Alle wahren Sportler kennen dieses Verschmelzen von Körper und Bewusstsein und für viele ist es der magische Grund, ihren Sport zu lieben. Man muss sich deshalb den Weltfußballer Ronaldinho vom FC Barcelona als einen wahrhaft glücklichen Menschen vorstellen. Der meist laut wie ein Kind lachende Ronaldinho, Sinnbild für intuitiven oder "brasilianischen" Fußball, antwortete einmal auf die Frage eines Journalisten, wie es ihm gelinge, seine Gegner immer wieder zu überraschen, er wisse meist selbst nicht, was im nächsten Moment geschehe. Sein atemraubendes Champions-League-Tor gegen Chelsea im letzten Frühjahr beschrieb er mit folgenden Worten: "Als ich zum Tor sah, schien es, als hätte jemand Pause gedrückt und alle Spieler auf dem Feld würden für drei Sekunden still stehen, und ich bin der Einzige der sich bewegt. Es war der Moment, als ich den Ball annahm und alles stillstand."
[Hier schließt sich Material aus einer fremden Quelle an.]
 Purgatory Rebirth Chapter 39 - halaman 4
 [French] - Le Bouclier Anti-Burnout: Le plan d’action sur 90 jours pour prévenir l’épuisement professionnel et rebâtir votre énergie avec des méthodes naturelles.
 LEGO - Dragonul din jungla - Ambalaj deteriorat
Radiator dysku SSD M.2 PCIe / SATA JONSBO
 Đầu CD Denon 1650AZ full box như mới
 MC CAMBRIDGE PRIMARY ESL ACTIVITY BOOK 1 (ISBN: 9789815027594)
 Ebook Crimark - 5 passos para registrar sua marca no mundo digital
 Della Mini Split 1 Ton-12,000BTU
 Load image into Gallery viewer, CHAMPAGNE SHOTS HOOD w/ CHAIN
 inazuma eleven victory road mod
Flow-Erfahrungen graben sich bei Spielern und Fans in das Gedächtnis, weil sie so positiv sind. Jeder Sportler kann sie erleben und jeder versucht sie, mit eigenen, letztlich ungenügenden Worten wie "Ramba Zamba", "on fire" oder "einfach unglaublich" zu beschreiben. Als Werder Bremen in der Champions League Saison 1993/94 nach 66 Minuten, in denen alles schief lief, mit 0:3 gegen den RSC Anderlecht zurücklag, und nach weiteren 24 Minuten, in denen alles klappte, mit 5:3 gewann, lief der zweifache Torschütze Wynton Rufer im Handstand über den Rasen, weil er sein Glück nicht anders fassen konnte.
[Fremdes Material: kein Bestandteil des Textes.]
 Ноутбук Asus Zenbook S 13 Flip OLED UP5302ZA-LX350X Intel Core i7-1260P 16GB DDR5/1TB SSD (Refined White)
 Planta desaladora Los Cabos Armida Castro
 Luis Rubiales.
Bremer Siege wie dieser prägten den Begriff "Wunder an der Weser", und wahrscheinlich ist Wynton Rufer dem Übersinnlichen an jenem Abend wirklich ein Stück näher gekommen. Man könnte ihn deshalb als eine Art Hildegard von Bingen des SV Werder Bremen bezeichnen, denn schon in der mittelalterlichen Mystik versuchte man in die Verzückung oder den Rausch zu taumeln, um letztlich zu sich selbst zu finden. Diesem Rausch-Zustand, der noch heute in der religiösen Mystik durch die ständige Wiederholung des Namen Gottes oder durch wilde Derwisch-Tänze angestrebt wird, muss sich der Sportler durch intensives und wiederholtes Training annähern.
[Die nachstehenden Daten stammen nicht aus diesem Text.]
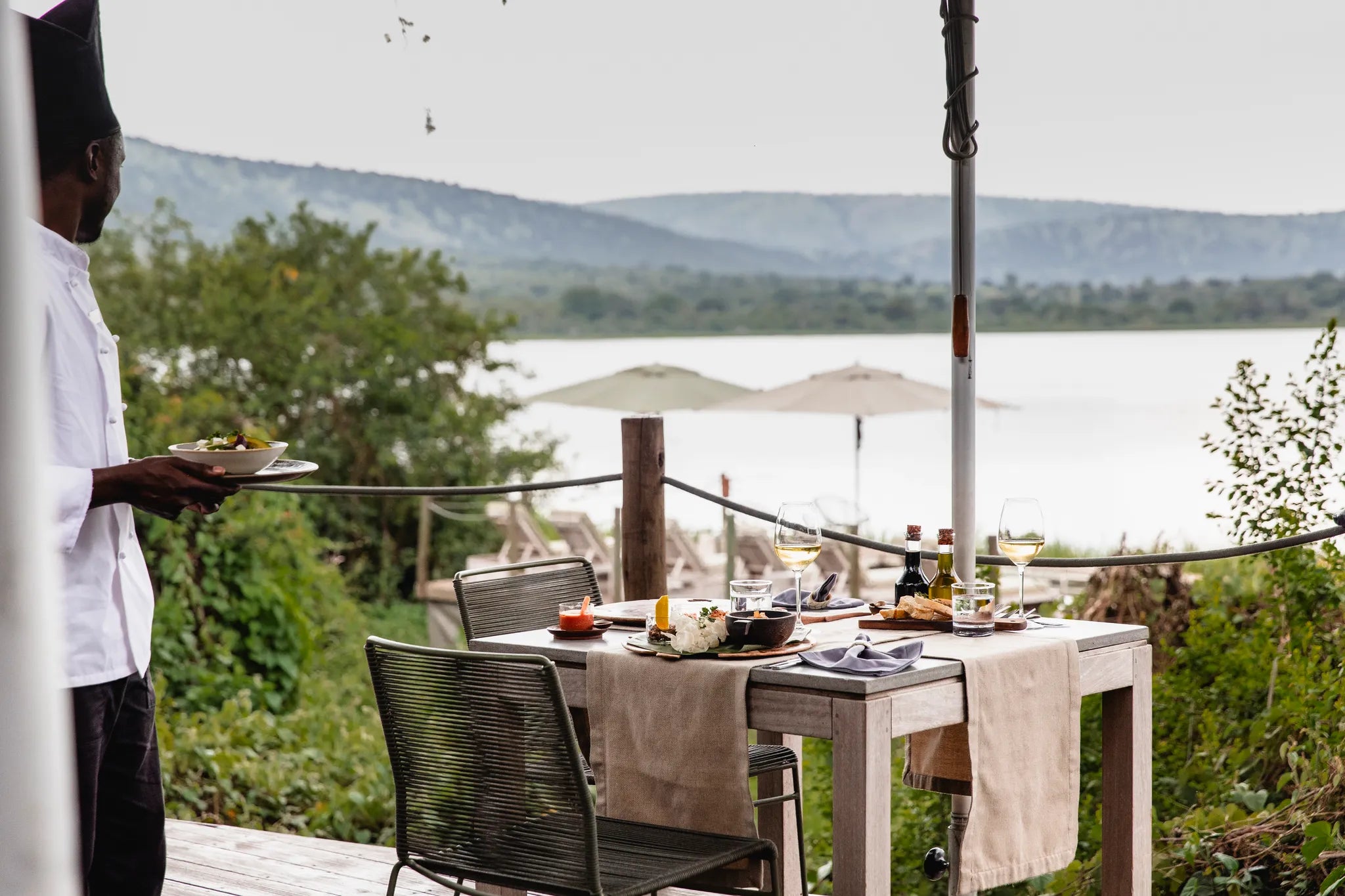 Wilderness Magashi at Wilderness Magashi, Akagera National Park, Rwanda.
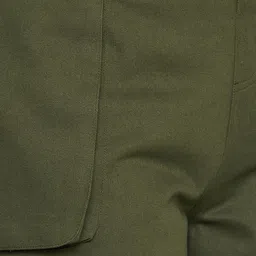 winered Solid Women Green Regular Shorts image 4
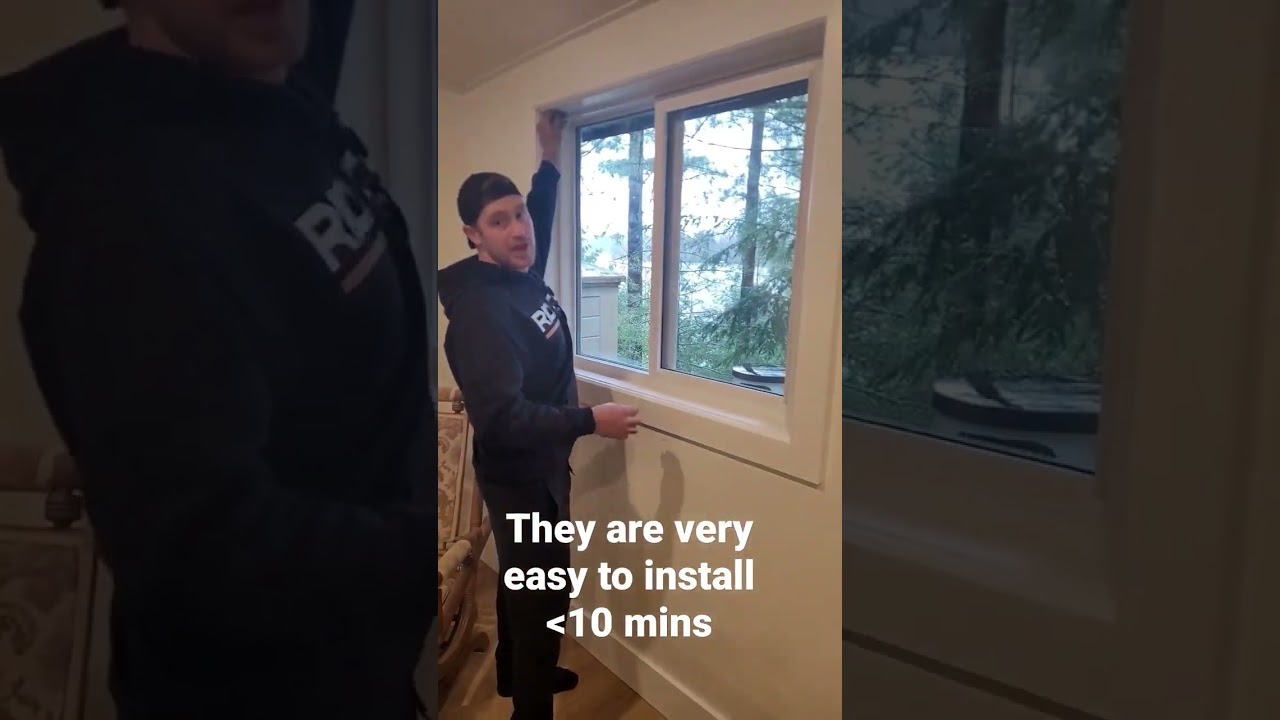 Quick & easy blind install, these are from home depot #blinds #diytips #housedesign #housedecor #diy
Sport schürt Emotionen, ein wohliges Kribbeln und Bangen, das jeder kennt, der schon einmal die letzten Sekunden eines Fußballspieles zählend, kniend vor dem Fernseher verbracht hat. Rausch-Erfahrungen im Wettkampf sind deshalb so überwältigend, weil sie die vor dem Spiel angestauten Spannungen lösen und in ein positives Selbstgefühl umwandeln. Norbert Elias hat darauf hingewiesen, dass die mimetische Produktion von Spannung im Sport eine befreiende und reinigende Wirkung hat, da der Mensch unter denen im "Prozess der Zivilisationen" zunehmenden Formen der emotionalen Selbstkontrolle leide. Wer heute noch öffentliche Emotionen sehen will, der muss in die Fanblocks der Fußballstadien gehen. Dort springen erwachsene Männer bei Toren wild schreiend umher oder liegen sich bei Abstiegen heulend in den Armen. Man muss sie sich in solchen Momenten ebenfalls als glückliche Menschen vorstellen.